General Terms and Conditions

General Terms and Conditions of zweigrad Design Development

Unless expressly agreed otherwise, the following provisions shall apply for all orders executed by zweigrad.
No general terms and conditions of the Customer which contradict to or deviate from the following provisions shall be recognised unless zweigrad expressly consents in writing to their application. The general terms and conditions of zweigrad shall apply even if zweigrad does not expressly object to terms and conditions of the Customer or executes the order without reservation in the knowledge of such conditions.

1. Scope of performance
1.1 The Customer commissions zweigrad with the development of a design for the project specified in the respective offer.
1.2 The Parties agree that the development services by zweigrad are of creative nature and do not include any engineering work, in particular not:
• Calculation and dimensioning of components or constructions
• Forecasting properties of, stresses in or failure of materials, components and designs of any kind
• Detailed production engineering
The Customer shall have sole responsibility for such tasks.
1.3 The Customer is under obligation to provide zweigrad in good time with the information and documentation necessary for the execution of the order. The Customer shall be liable for ensuring that it is entitled to use the references with which the designer has been provided and shall indemnify the latter against claims for damages by third parties.
1.4 zweigrad shall have freedom of design for the order. Refunds relating to the creative design are excluded.

2. Deadlines/Default

2.1 Unless expressly agreed otherwise, offers by zweigrad are valid for two months from receipt by the Customer.
2.2 Contracts with zweigrad are concluded when zweigrad accepts in writing orders/purchase orders received, zweigrad confirms in writing declarations of acceptance received or the goods or services ordered by the Customer have been delivered or rendered. This shall apply analogously for changes or amendments to contracts.
2.3 Agreed periods shall commence upon the date of the written declaration of acceptance or confirmation by zweigrad, however not prior to receipt of any outstanding payments.
2.4 In the event or changes or amendments to contracts the period set out in clause 2.3 shall automatically be extended accordingly.

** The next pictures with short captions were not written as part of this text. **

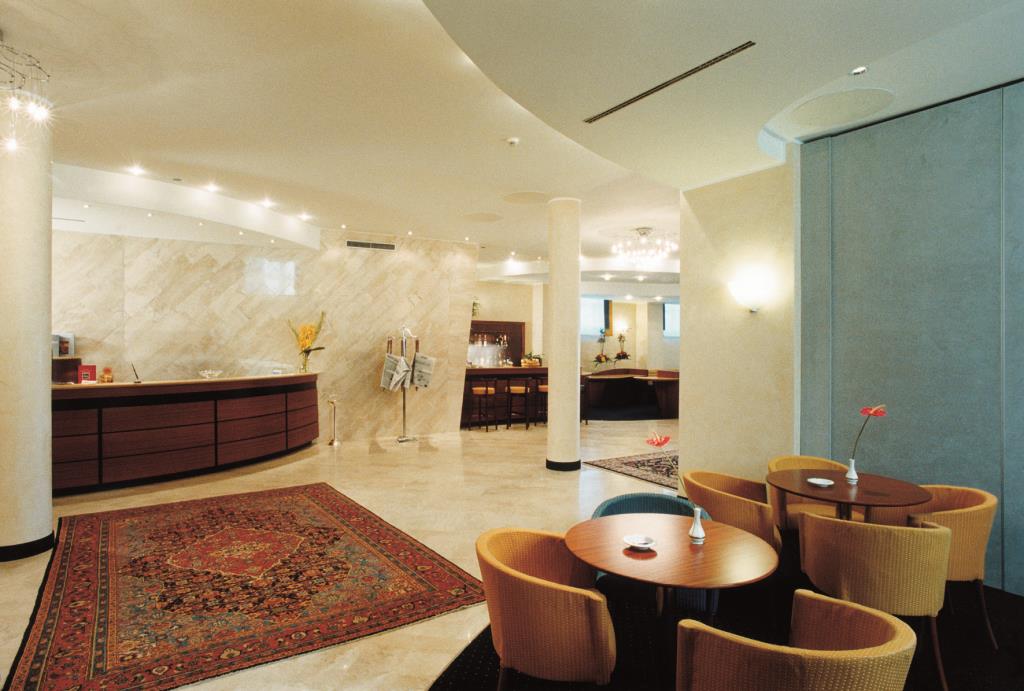 Hotel Nicotel Barletta - Hall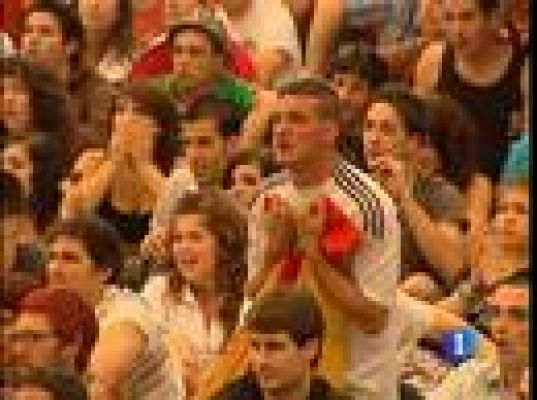  - Las calles se tiñen de rojo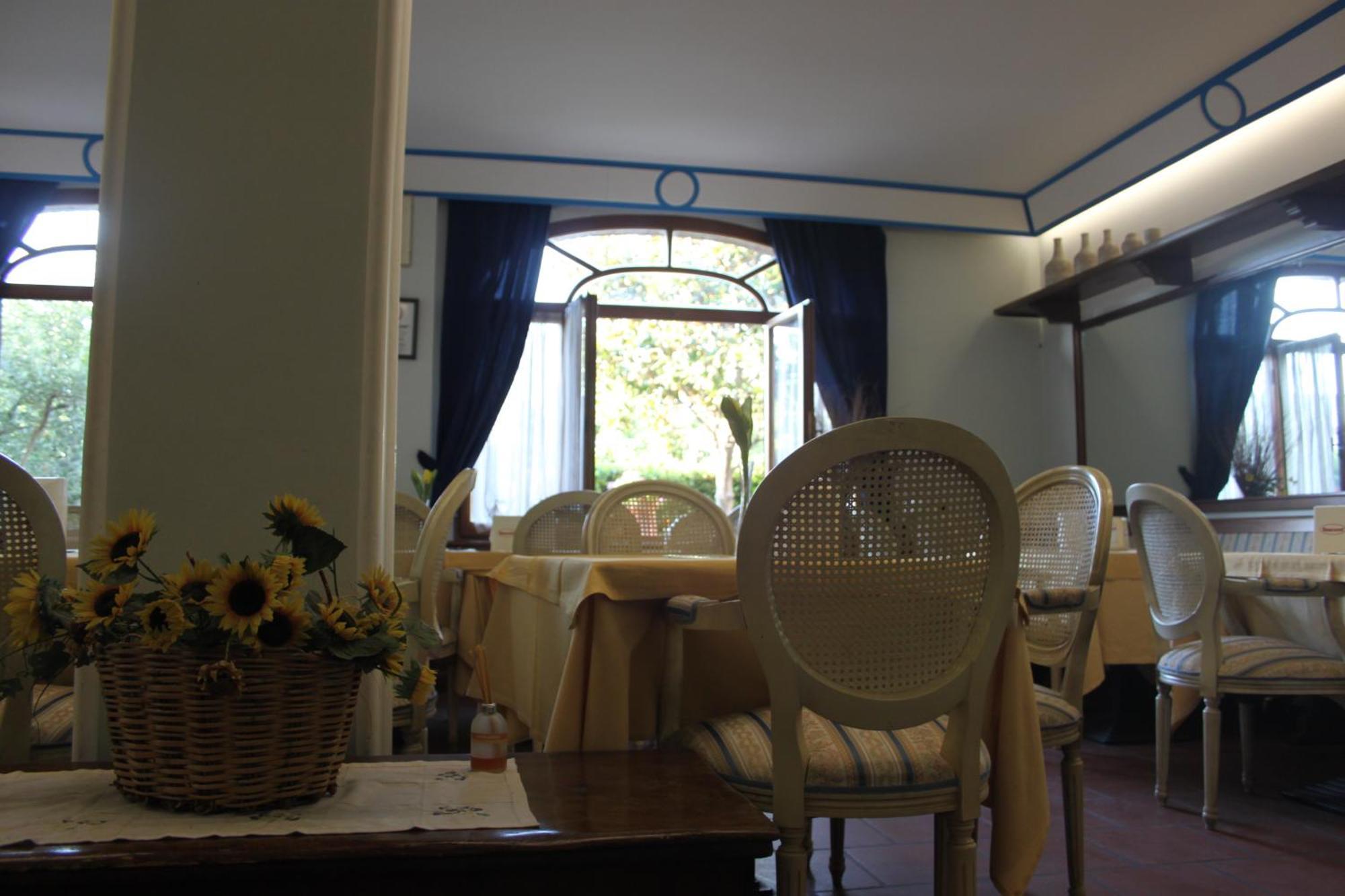Hotel Girasole Civitanova Marche Zewnętrze zdjęcie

3. Presentation/Acceptance
3.1 For the inspection of the contractual products supplied, the provisions of Sec. 377 of the German Commercial Code [Handelsgesetzbuch – HGB] shall apply mutatis mutandis. In particular, the Customer shall also check all final drawings, dimension drawings, models, data and similar with regard to dimensions, tolerances etc., factual accuracy and feasibility in terms of production before these documents are used for production. zweigrad shall not be liable for contractual products released by the Customer.
3.2 Provided zweigrad’s performance is not rejected within seven working days of its receipt by the Customer, it shall be deemed to have been accepted.
3.3 If for justified reason the Customer rejects the performance as not being in compliance with the contract, zweigrad will make the required rectifications without delay and in doing so shall take into account the specifications of the Customer.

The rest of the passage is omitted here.